What you have to do: With the pictures left out, return exactly the lines from the one containing "Building Photo - 2402 Hammett Ave" through the end of the listing below.

★ ★ ★

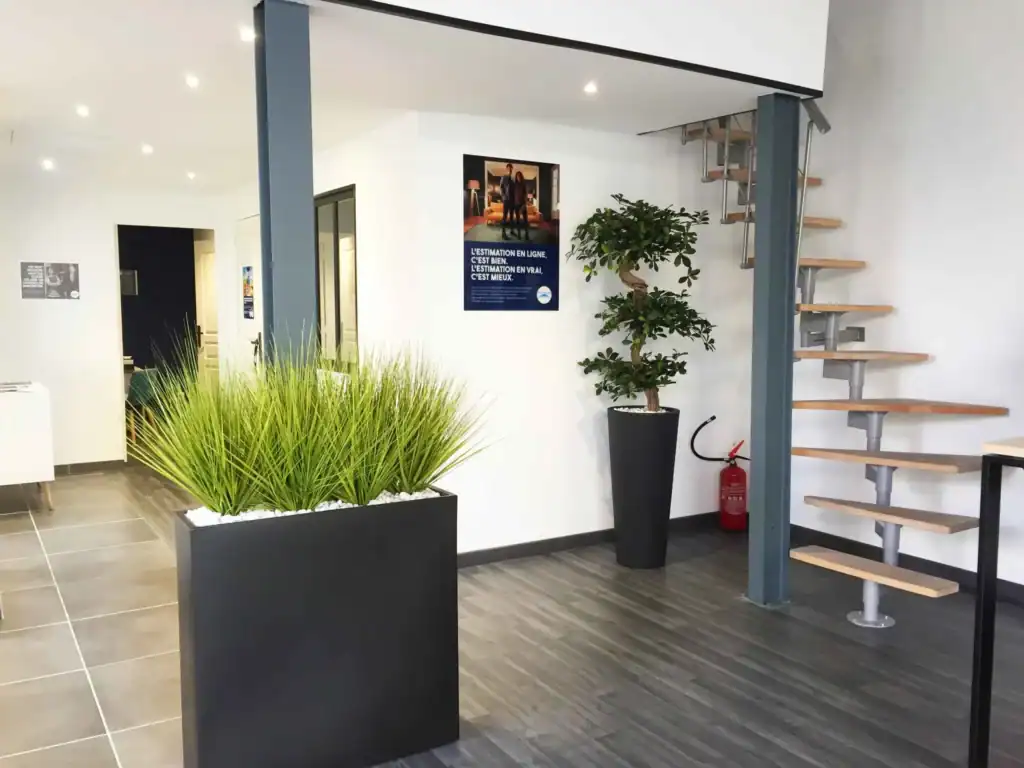 plante, plante artificielle en pot, plante synthétique, vases contemporains, vases designs, plante artificielle intérieur haut de gamme, plante artificielle extérieur haut de gamme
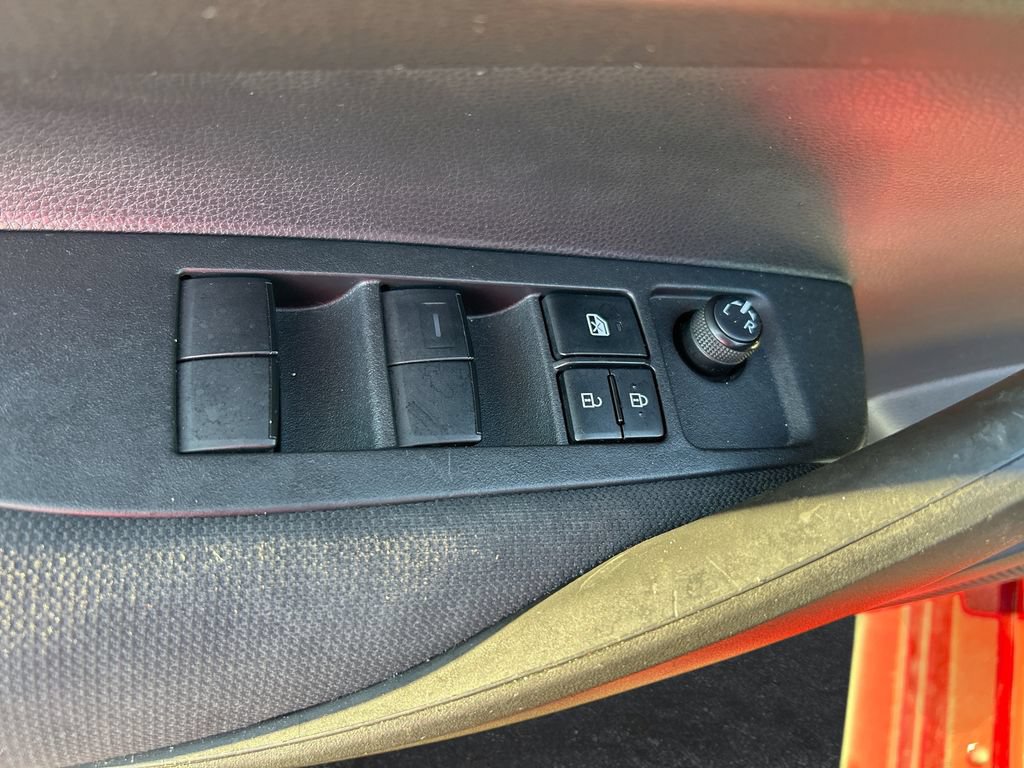 Used 2022 Toyota Corolla LE FWD image 12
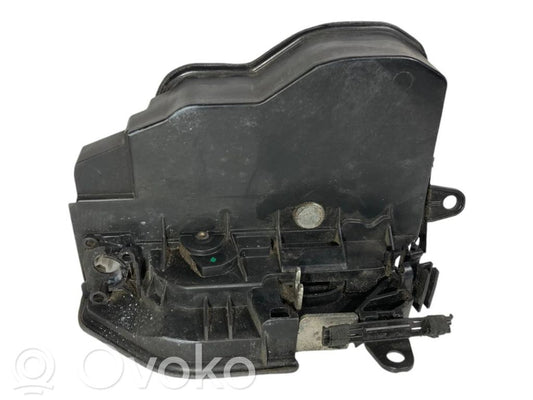 Priekšpusē slēdzene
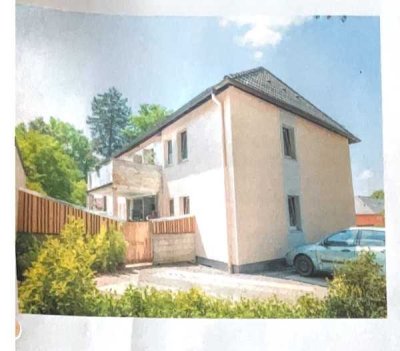 Renovierte 3-Raum-Wohnung mit Balkon und Einbauküche in Solingen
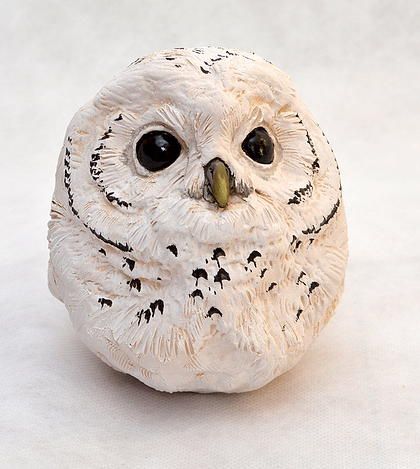 Birds of prey|ceramic sculpture| Clay Owl, Clay Birds, Sculptures Céramiques, Pottery Handbuilding, Ceramic Owl, Wildlife Artists, Ceramic Animals, Pottery Sculpture, Ceramic Birds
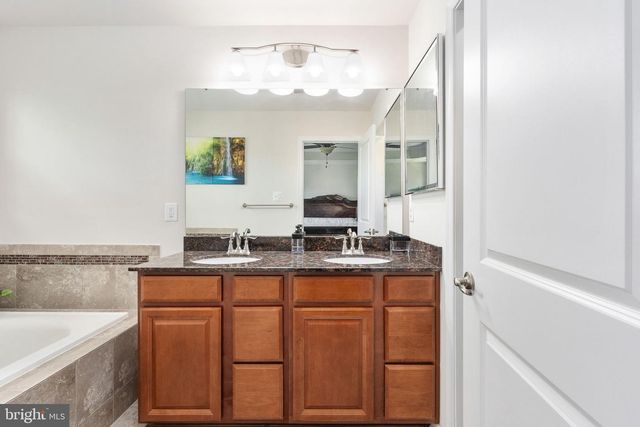 7030 DARBEY KNOLL DR, Gainesville, VA 20155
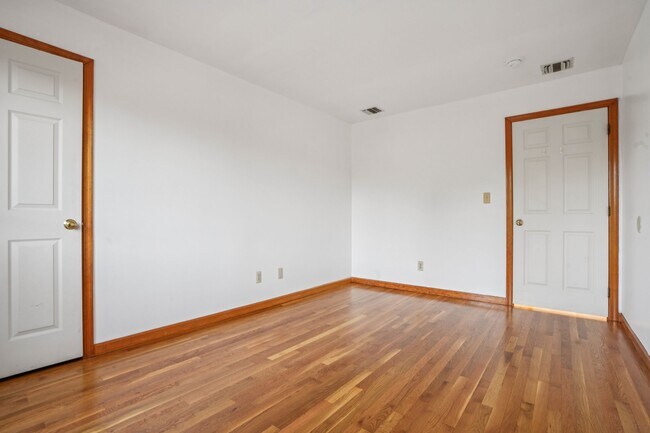 Building Photo - 2402 Hammett Ave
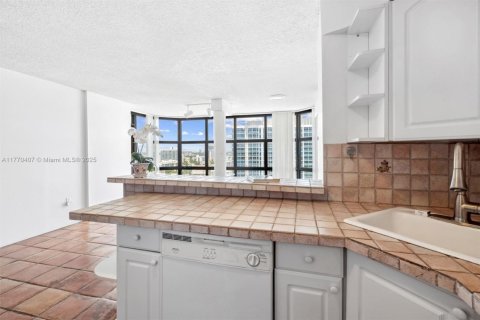 Condo in Miami Beach, Florida, 1 bedroom  № 1862487 - photo 10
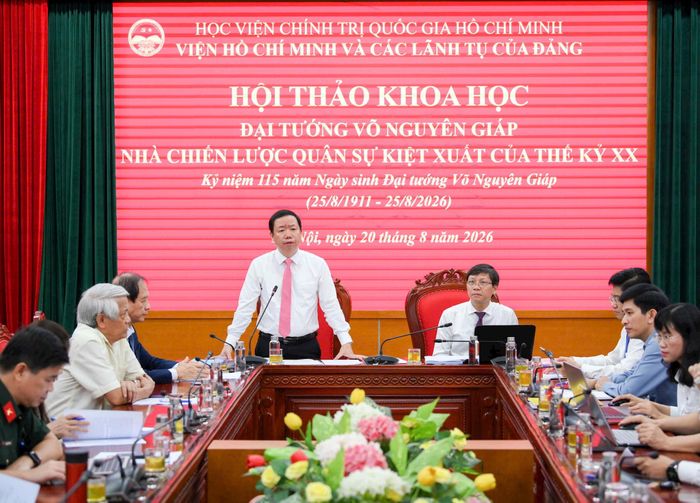 Hội thảo có gần 30 tham luận gửi đến và 9 ý kiến tham luận trực tiếp. Ảnh: PV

★ ★ ★

Response:
 Building Photo - 2402 Hammett Ave
 Condo in Miami Beach, Florida, 1 bedroom  № 1862487 - photo 10
 Hội thảo có gần 30 tham luận gửi đến và 9 ý kiến tham luận trực tiếp. Ảnh: PV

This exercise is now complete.